Gómez, que se encontraba en China por un seminario oficial cuando estalló el caso, respondió públicamente a través de su cuenta de X. Sobre Lucio, escribió: “Conozco a Lucio desde hace años. Es mi amigo, trabaja conmigo y es una persona de mi confianza”. Y agregó que “tanto Lucio como yo nos encontramos ante una realidad que nos era totalmente ajena”.
Respecto de Pablo Leiva, el edil fue enfático en marcar distancia: “Nunca tuve conocimiento ni sospeché que pudiera estar vinculado a los hechos que hoy son objeto de investigación, relacionados con otra actividad que desarrollaba fuera de la Junta Departamental”. También reconoció una falla propia: “Esta situación me tomó completamente por sorpresa. Asumo la responsabilidad que me corresponde por no haber sido suficientemente precavido al momento de incorporar a esta persona a mi equipo de trabajo”. Gómez cerró su descargo con una disculpa formal al Partido Nacional y a su agrupación.

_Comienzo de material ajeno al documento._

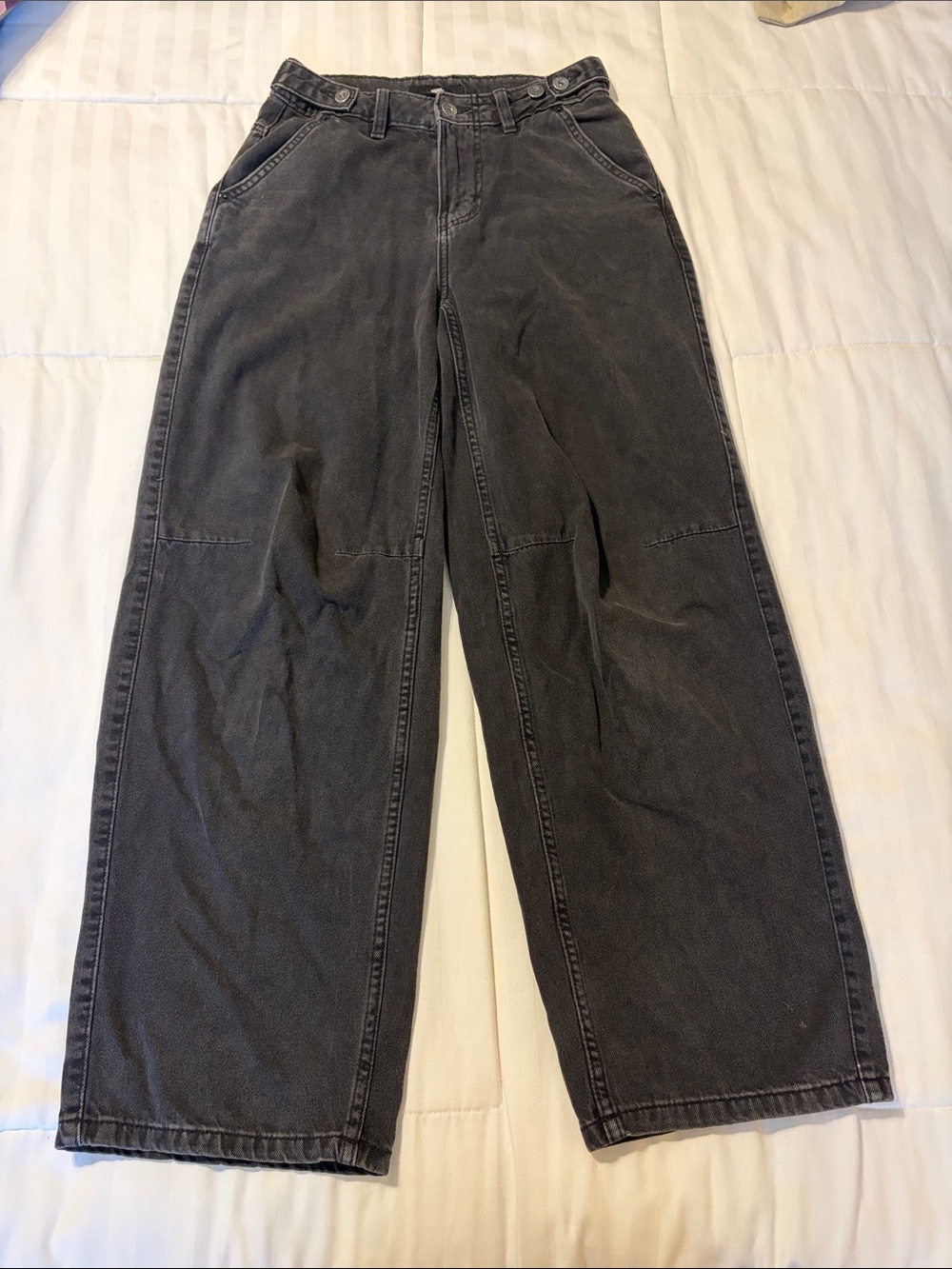 Vans Women’s Wide-Leg Washed Black Jeans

El caso generó un cruce inmediato entre el oficialismo y la oposición. Desde el Senado, el legislador del Movimiento de Participación Popular (MPP) Aníbal Pereyra salió al cruce de la dirigencia nacionalista con una pregunta directa: “Los que vienen hace meses instalando las dudas de que este gobierno protege a narcos, ¿dónde están?”.
Un patrón, no un hecho aislado
La Operación Trazador se suma a una seguidilla de operativos antinarco que el Ministerio del Interior viene desarrollando en Uruguay durante 2026. Semanas antes, la llamada Operación Polux había permitido incautar más de 400 kilos de droga arrojados desde una avioneta sobre un campo de Artigas, con ocho detenidos y al menos seis personas enviadas a prisión.
El ministro del Interior, Carlos Negro, calificó a la Operación Trazador como “un nuevo golpe a las organizaciones criminales” y remarcó el trabajo articulado entre la Policía Nacional, la Fiscalía General de la Nación y la Prefectura Nacional Naval. Para las autoridades, el caso confirma un fenómeno que atraviesa a distintos países de la región: el intento de las redes narco de infiltrar capital y colaboradores en estructuras institucionales y políticas, un riesgo que la propia investigación judicial deberá seguir rastreando en los próximos meses.